__WHAT YOU HAVE TO DO__. The answer is the data repeated in full, with no pictures included.

__DATASET EXCERPT__.
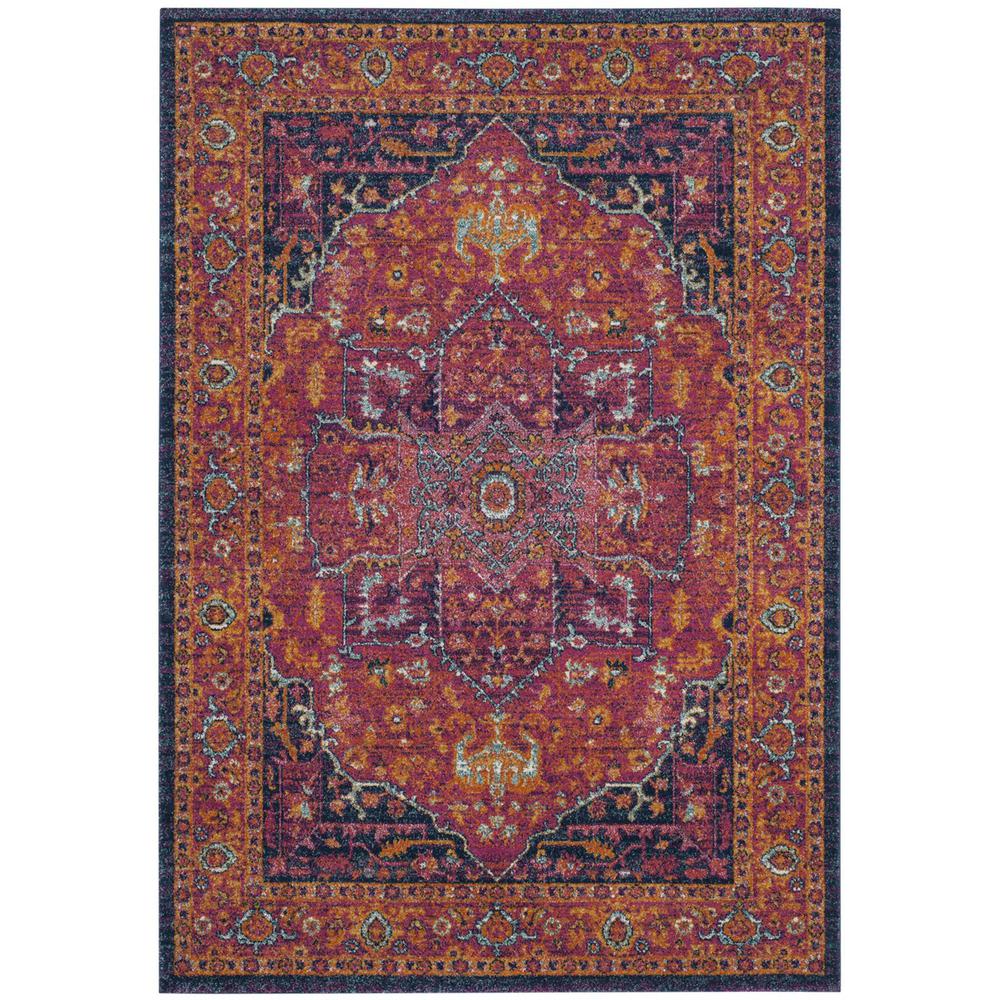 EVOKE, FUCHSIA / ORANGE, 10' X 14', Area Rug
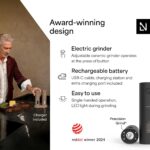 LARS NYSØM Electric Salt and Pepper Grinder Set I Automatic Salt and Pepper Mills with Adjustable Ceramic Grinder I USB Rechargeable Electric Spice Mill Set (Carbon Black) - Image 2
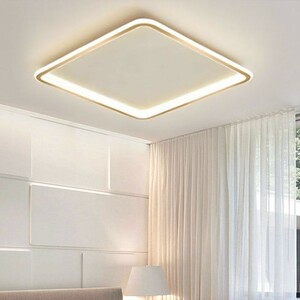 大特価　LEDシーリングライト 天井照明 リビング照明 ダイニング 寝室 居間 方形　金色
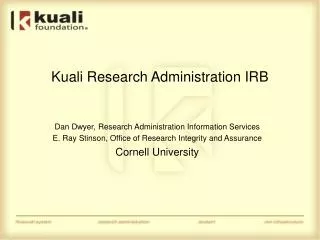 Kuali Research Administration IRB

__EXERCISE ANSWER__.
 EVOKE, FUCHSIA / ORANGE, 10' X 14', Area Rug
 LARS NYSØM Electric Salt and Pepper Grinder Set I Automatic Salt and Pepper Mills with Adjustable Ceramic Grinder I USB Rechargeable Electric Spice Mill Set (Carbon Black) - Image 2
 大特価　LEDシーリングライト 天井照明 リビング照明 ダイニング 寝室 居間 方形　金色
 Kuali Research Administration IRB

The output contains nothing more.